Lessee, you're firing off 3 shots in two seconds, and since you didn't say, we have to assume with good hits.At 7 yds,spread is minimal,so doing this requires a bit of precision.If you can neutralize 3 opponents in a crisis in two seconds, your chances of survival are better than normal.

The big variance in this will be reaction time. People differ greatly in how fast they react.

Once you groove in and practice some, sight acquisition and firing stroke will be faster, but the limiting factor still will be reaction time.

For comparison's sake, back when the State of Md gave me free ammo, I used this exercise for both demos and practice.

With a full mag and chamber, safety on, fire one round at each of 5 targets(Used the tombstone target) at 15 yards. The shotgun was down around my waist at the start. Time ran 5 seconds or less, sometimes down around 4.

I'm sure someone with better reaction times and hi tech equipment could beat that handily.

And BTW, where do you live? Frost this time of year means not close to me, it touched 90 yesterday.

HTH...

Al Thompson
June 11, 2002, 06:14 AM
Par times are a bit difficult to pin down. :D Without actually trying your drills, I can't offer an opinion.

Here's a link to some handgun drills that may give you a yardstick.

http://www.kuci.org/~dany/firearms/all_drills.html

Erick should have some good data as he's an adjunct instructor at Gunsite.

frontlander
June 11, 2002, 09:08 AM
We were more surprised by the time it took to react to the buzzer, acquire the first target, and fire than anything. Beins' that it takes me from 1.25 to 1.5 sec. to draw a handgun from an inside the waistband holster under a jacket and make a center hit on a 7 yard target, I thought that starting with a mounted gun would be much faster. But then I've practiced my draw thousands of times and I'm just starting out with the serious shotgun (have shot lots of clay pigeons and live birds).

Dave: I'm in Montana. We just had a nice June storm that dumped nearly 6" of moisture on us in 3 days. Most of it was rain but the higher elevations (where I'm located) had a foot or more of snow. This storm broke a 4 year drought. Last year we received only 6" of moisture the entire year. Now people are worried about flooding.

Correia
June 11, 2002, 11:18 AM
Frontlander, I don't know if this helps. I have some times from the last 3 gun match I shot in. However the drill was the one that Dave described above. 5 shots on metal tombstones.

I'll just look at the top 10 shooters. Because there were some truly abysmal times below that! :D We did basic variants of this stage 4 times. (2 birdshot, 2 with slugs) Surprisingly there were not very big differences in time between slugs and shot.

Times ranged from 2.89 to 6.53. Average for the top ten shooters was 5.16.
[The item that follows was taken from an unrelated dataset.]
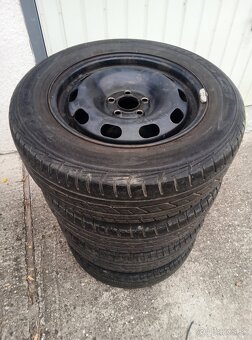 disky 5x100 R15+pneumatiky 195/65 r15 - 2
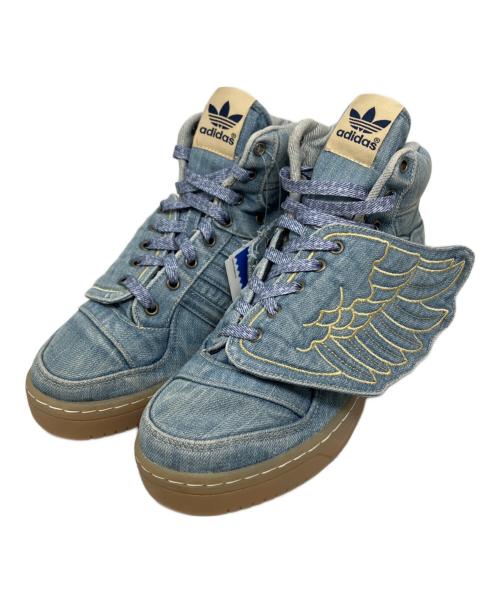 adidas（アディダス）adidas (アディダス) adidas スニーカー ブルー サイズ:26.5㎝の古着・服飾アイテム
The fastest shooters, 2.39, 2.91, 3.19, 3.32. etc. were shooting semi autos. The fastest shooter was using an 26 inch bbl. 10 shot extension ported 11-87.

I was the fastest pump shooter (18 inch 870) at 4.52, 4.02, 4.57, and 4.52. The first two are birdshot times, the second two are slug times. The first 4.52 was because I shot the last target twice. I hit it, it was falling, but I shot quick enough that it looked like it was holding still, so I hit it again. If I hadn't done that I would have broke 4 seconds! And that would have been a personal record! Arrggh. :D

Now if you get out into the pro shooters, then the times on these drills drop drastically. These guys fire shotguns so fast your head will spin.

Al Thompson
June 11, 2002, 08:48 PM
Erick, your targets were IPSC type targets right? Those times on bowling pins might be tough.